Si sa che i bambini, anche se bravi e buoni, a volte sono un po’ impietosi ed io e quelli della mia età talvolta infastidivamo innocentemente Tolomeo; egli si arrabbiava in modo esagerato e ci rincorreva tenendo un sasso in mano e pronto magari a lanciarlo contro di noi che velocemente andavamo a nasconderci dietro a un portone o in un luogo che ritenevamo inaccessibile per Tolomeo.

Talvolta correvamo a tutta velocità nella via centrale tra la torre dell’orologio e il Comune e, se Tolomeo era lì lì per raggiungerci, cambiavamo improvvisamente direzione perché Tolomeo, in velocità e con la giacchetta sbottonata e svolazzante a destra e a sinistra sui suoi fianchi, non riusciva a fermarsi all’istante, ma procedeva ancora per molti metri, non potendo decisamente frenare la corsa, a causa delle sue scarpe con le “bollette”, le quali lo facevano scivolare a lungo, e noi, per una volta ancora, eravamo salvi!

Però, in effetti, Tolomeo era buono e sempre pronto a ridere per le spiritosaggini che gli erano proferite e si piegava in due dalle risate (e le sue erano davvero particolari).

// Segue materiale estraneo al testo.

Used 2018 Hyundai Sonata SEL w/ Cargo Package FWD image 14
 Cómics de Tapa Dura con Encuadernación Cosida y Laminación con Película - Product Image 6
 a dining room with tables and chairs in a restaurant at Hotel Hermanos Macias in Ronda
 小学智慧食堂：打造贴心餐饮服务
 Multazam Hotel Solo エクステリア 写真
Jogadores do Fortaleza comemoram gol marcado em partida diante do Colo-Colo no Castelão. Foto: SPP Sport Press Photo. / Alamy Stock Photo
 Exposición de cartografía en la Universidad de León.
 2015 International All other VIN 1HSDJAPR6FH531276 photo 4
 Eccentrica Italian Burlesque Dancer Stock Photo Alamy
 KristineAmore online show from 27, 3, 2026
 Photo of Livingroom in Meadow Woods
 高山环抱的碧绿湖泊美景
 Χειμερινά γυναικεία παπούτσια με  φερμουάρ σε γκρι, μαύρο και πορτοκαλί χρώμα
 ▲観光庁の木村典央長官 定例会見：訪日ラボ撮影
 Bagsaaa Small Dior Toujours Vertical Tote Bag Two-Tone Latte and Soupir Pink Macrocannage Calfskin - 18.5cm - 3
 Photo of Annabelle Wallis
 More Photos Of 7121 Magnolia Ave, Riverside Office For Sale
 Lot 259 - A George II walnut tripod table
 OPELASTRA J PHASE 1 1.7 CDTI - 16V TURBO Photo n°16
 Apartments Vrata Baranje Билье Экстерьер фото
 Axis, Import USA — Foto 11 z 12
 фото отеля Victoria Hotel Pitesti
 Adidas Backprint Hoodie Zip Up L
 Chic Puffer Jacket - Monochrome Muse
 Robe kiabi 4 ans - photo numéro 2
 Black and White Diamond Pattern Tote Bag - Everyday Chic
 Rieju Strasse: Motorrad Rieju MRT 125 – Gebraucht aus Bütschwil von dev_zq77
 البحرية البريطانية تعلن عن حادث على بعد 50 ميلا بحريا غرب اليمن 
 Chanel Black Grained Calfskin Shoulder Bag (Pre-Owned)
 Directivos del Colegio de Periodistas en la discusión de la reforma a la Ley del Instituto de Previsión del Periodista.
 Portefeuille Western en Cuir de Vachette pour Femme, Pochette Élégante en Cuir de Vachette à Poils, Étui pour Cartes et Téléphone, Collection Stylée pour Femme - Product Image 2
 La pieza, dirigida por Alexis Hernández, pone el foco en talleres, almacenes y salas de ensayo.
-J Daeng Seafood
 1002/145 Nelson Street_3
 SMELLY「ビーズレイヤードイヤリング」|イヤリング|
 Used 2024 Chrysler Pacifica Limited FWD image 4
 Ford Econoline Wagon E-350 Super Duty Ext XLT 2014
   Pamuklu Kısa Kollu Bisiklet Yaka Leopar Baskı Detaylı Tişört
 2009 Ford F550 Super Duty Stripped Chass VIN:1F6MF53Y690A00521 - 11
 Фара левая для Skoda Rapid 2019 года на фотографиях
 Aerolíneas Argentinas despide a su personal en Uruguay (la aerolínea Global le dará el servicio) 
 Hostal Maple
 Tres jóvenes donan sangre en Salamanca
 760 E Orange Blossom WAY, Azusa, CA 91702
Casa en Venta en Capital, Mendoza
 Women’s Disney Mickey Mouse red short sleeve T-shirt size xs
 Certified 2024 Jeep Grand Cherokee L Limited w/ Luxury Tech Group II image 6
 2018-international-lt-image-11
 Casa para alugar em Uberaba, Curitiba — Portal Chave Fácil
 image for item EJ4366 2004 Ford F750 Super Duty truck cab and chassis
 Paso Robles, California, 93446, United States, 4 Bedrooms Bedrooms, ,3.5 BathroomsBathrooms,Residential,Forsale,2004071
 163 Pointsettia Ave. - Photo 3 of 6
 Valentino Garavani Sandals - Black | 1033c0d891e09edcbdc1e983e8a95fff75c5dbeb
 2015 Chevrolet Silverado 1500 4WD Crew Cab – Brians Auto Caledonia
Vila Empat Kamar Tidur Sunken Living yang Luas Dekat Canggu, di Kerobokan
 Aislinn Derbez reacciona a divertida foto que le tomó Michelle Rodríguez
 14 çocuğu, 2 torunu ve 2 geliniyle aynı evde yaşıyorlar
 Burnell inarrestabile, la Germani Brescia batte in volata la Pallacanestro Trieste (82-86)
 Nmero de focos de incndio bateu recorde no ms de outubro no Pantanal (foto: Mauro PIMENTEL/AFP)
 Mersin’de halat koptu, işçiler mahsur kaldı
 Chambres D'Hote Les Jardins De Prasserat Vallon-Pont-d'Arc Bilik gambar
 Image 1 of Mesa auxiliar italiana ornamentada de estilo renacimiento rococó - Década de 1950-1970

Egli aveva la passione del fumo e la sfogava con il suo mezzo sigaro toscano con delle tirate prolungate, ma il sigaro non durava in eterno e allora Tolomeo ne faceva specifica richiesta a qualche generoso paesano, nel quale poteva sperare; aveva il caratteristico modo di richiederlo con alcuni suoi mugugni accompagnati dalla posizione di indice e medio mossi a forbice e portati ripetutamente alla bocca.

Tolomeo abitava con la sorella Angelina e con la sorellastra Esterina; quest’ultima in una giornata particolarmente difficile e di stanchezza se ne uscì dicendo in dialetto: “Quanno sarò vecchia e malata ce sarà sempre el mi’ Tolomeo che me porterà un bicchiere d’acqua”.

Per Tolomeo quel sempre includeva anche il presente, e allora corse a prendere un bicchiere colmo d’acqua e lo portò tutto soddisfatto a Esterina, che non poté far altro che ringraziare il suo bravo Tolomeo per tanta disponibilità, e raccontava poi questo piccolo avvenimento con vero piacere e con entusiasmo.

Egli aiutava la famiglia per quanto era nelle sue possibilità; possedevano un forno in via Cavour, nei pressi del Comune, e Tolomeo collaborava portando su un asino legna e fascine necessarie al forno stesso.

Frequentava anche la chiesa e soprattutto la sacrestia, dalla quale accedeva al luogo dove dall’alto pendevano le corde per suonare le campane; egli le suonava con vera passione, s’infervorava e talvolta esagerava nel tirarle con un certo impeto, per cui gli capitava di essere da esse portato un po’ in alto, con la conseguenza di dare qualche testata alle tavole di protezione poste a una certa altezza.

In quel tempo, nella chiesa parrocchiale c’era anche un antico organo a mantice, cioè funzionante con l’aria che proveniva da questo congegno, e proprio Tolomeo era addetto a tirare a tempo una corda per far riempire il mantice di aria; anche in questa attività egli era scrupoloso e felice.

Dove Tolomeo però si scatenava in tutto il suo entusiasmo, era in occasione delle feste solenni e in particolar modo per la festa del nostro patrono Sant'Egidio, e per l’occasione era vestito a puntino, con eleganza e con una coppola nuova.

Ma che cosa avveniva in quest’ultima ricorrenza?

Accadeva qualcosa che dava una carica di enorme gioia al nostro caro personaggio; per noi celleresi è facile ricordare il tutto, perché per l’occasione arrivava a Cellere la banda musicale con il suo caratteristico ritmo e con il passo cadenzato per le vie di Cellere.

Tolomeo l’attendeva trepidante all’inizio del paese e poi si metteva a capofila, allontanava i bambini che gli impedivano l’incedere e ogni tanto balzellava soddisfatto e accennava addirittura a dirigere la banda tra le risate compiaciute della popolazione, soprattutto di noi bambini, mentre il direttore gli dava piena libertà di movimenti, sorrideva e si compiaceva con l’inaspettato collega che stava vivendo un giorno di piena felicità.

Mi piace terminare questo mio scritto con la seguente considerazione:

“TOLOMEO, un corpo adulto che ospitava un cuore di bambino!”.